-- RECORDED DATA follows --
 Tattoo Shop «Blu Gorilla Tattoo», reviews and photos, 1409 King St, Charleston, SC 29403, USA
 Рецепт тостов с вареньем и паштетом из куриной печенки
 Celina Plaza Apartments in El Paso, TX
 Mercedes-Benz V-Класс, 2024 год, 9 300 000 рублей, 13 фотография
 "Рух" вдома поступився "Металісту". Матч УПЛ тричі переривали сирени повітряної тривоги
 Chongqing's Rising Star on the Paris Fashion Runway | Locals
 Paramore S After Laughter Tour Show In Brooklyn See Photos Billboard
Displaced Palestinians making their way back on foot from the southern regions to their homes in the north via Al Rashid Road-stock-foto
-- RECORDED DATA concluded --
-- RECORDED DATA follows --
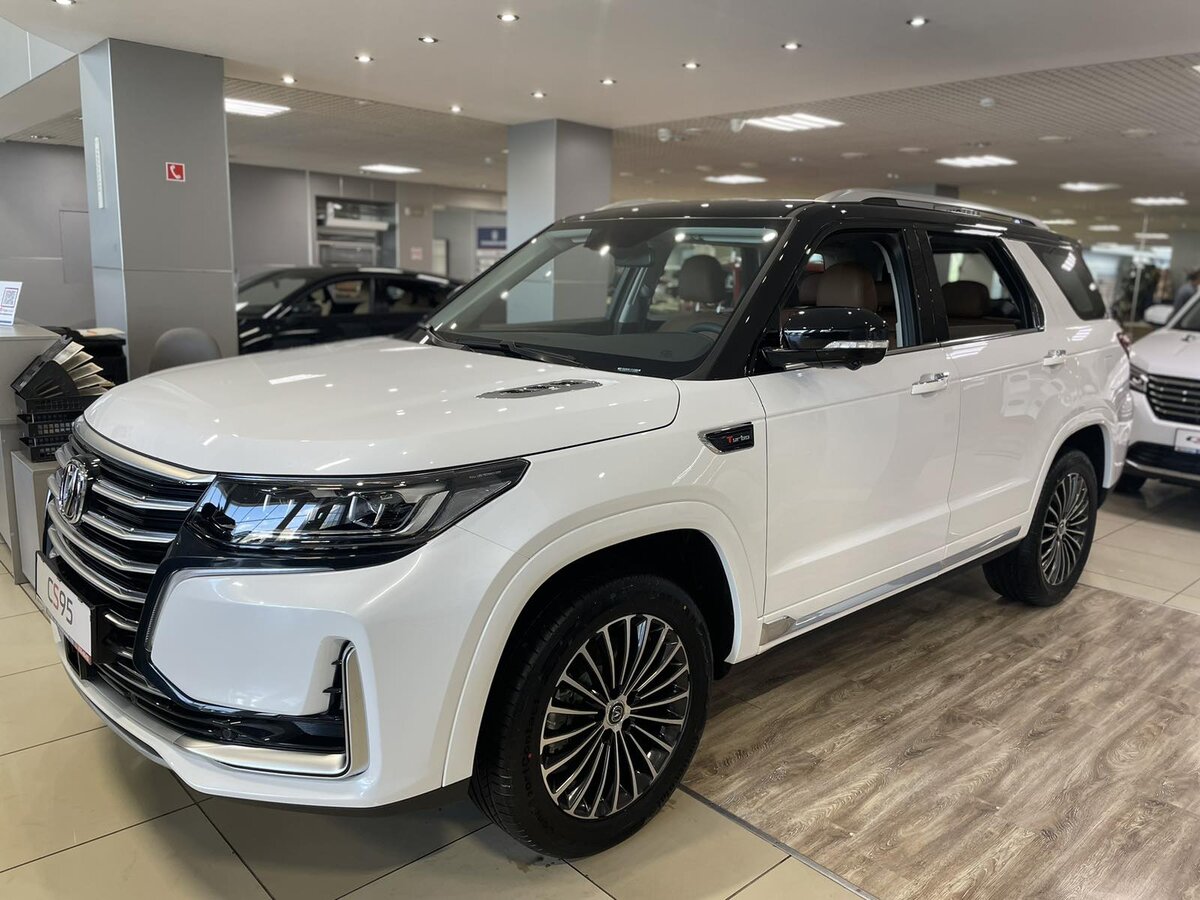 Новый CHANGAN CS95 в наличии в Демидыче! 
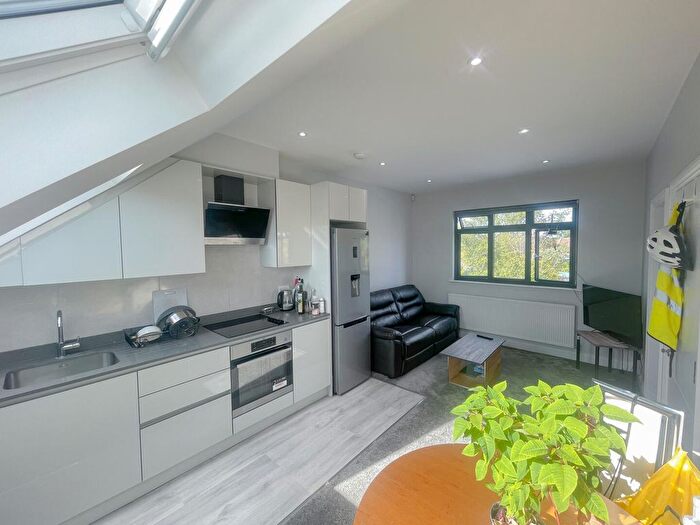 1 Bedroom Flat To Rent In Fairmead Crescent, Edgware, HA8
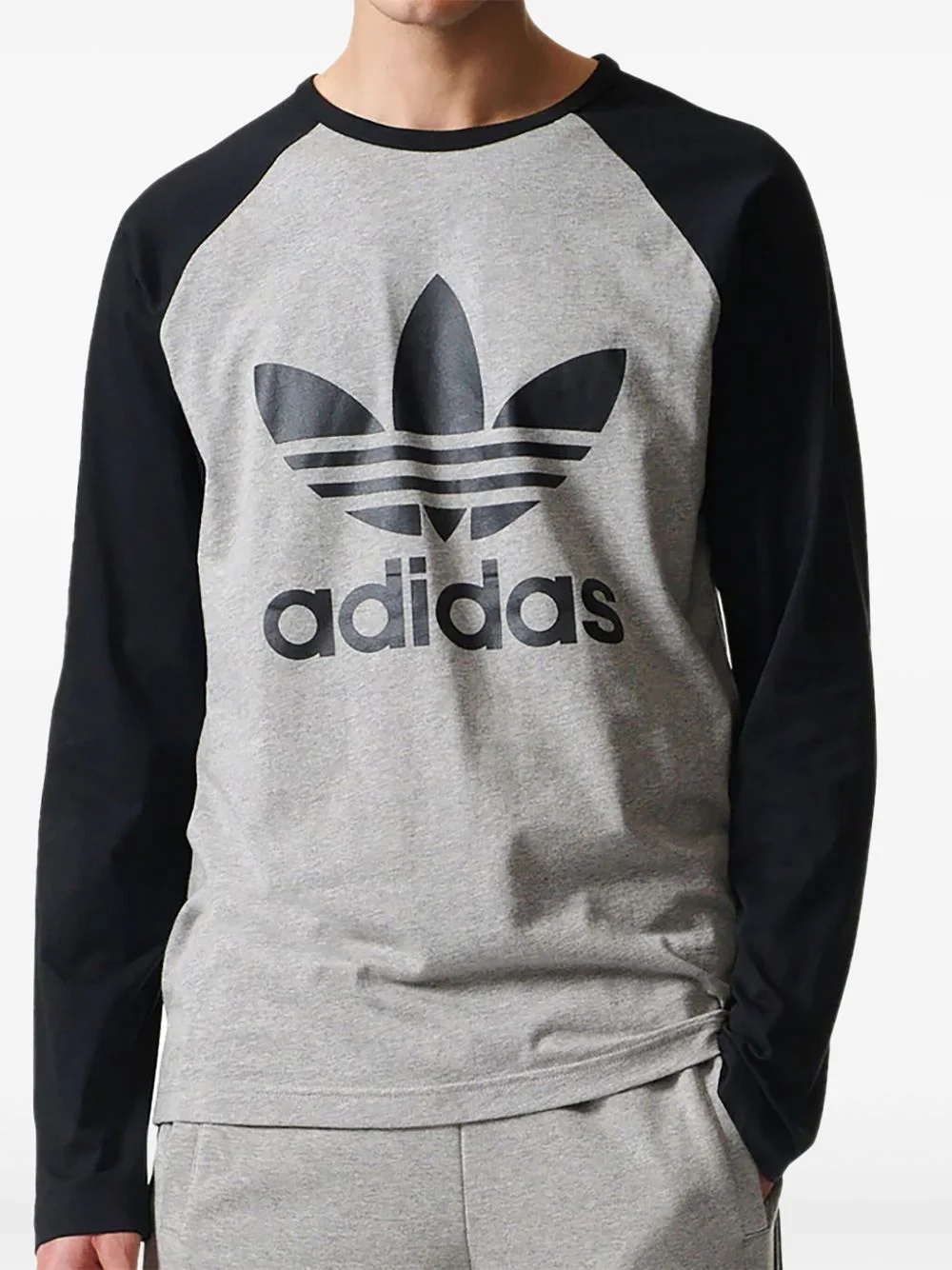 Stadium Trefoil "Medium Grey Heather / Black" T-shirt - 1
-- RECORDED DATA concluded --
TASK REQUIREMENTS: An exact copy of the lines above, from the one containing "Paramore S After" through the one containing "Displaced Palestinians making", is the whole of the answer.

ANSWER FOR THIS EXERCISE:
 Paramore S After Laughter Tour Show In Brooklyn See Photos Billboard
Displaced Palestinians making their way back on foot from the southern regions to their homes in the north via Al Rashid Road-stock-foto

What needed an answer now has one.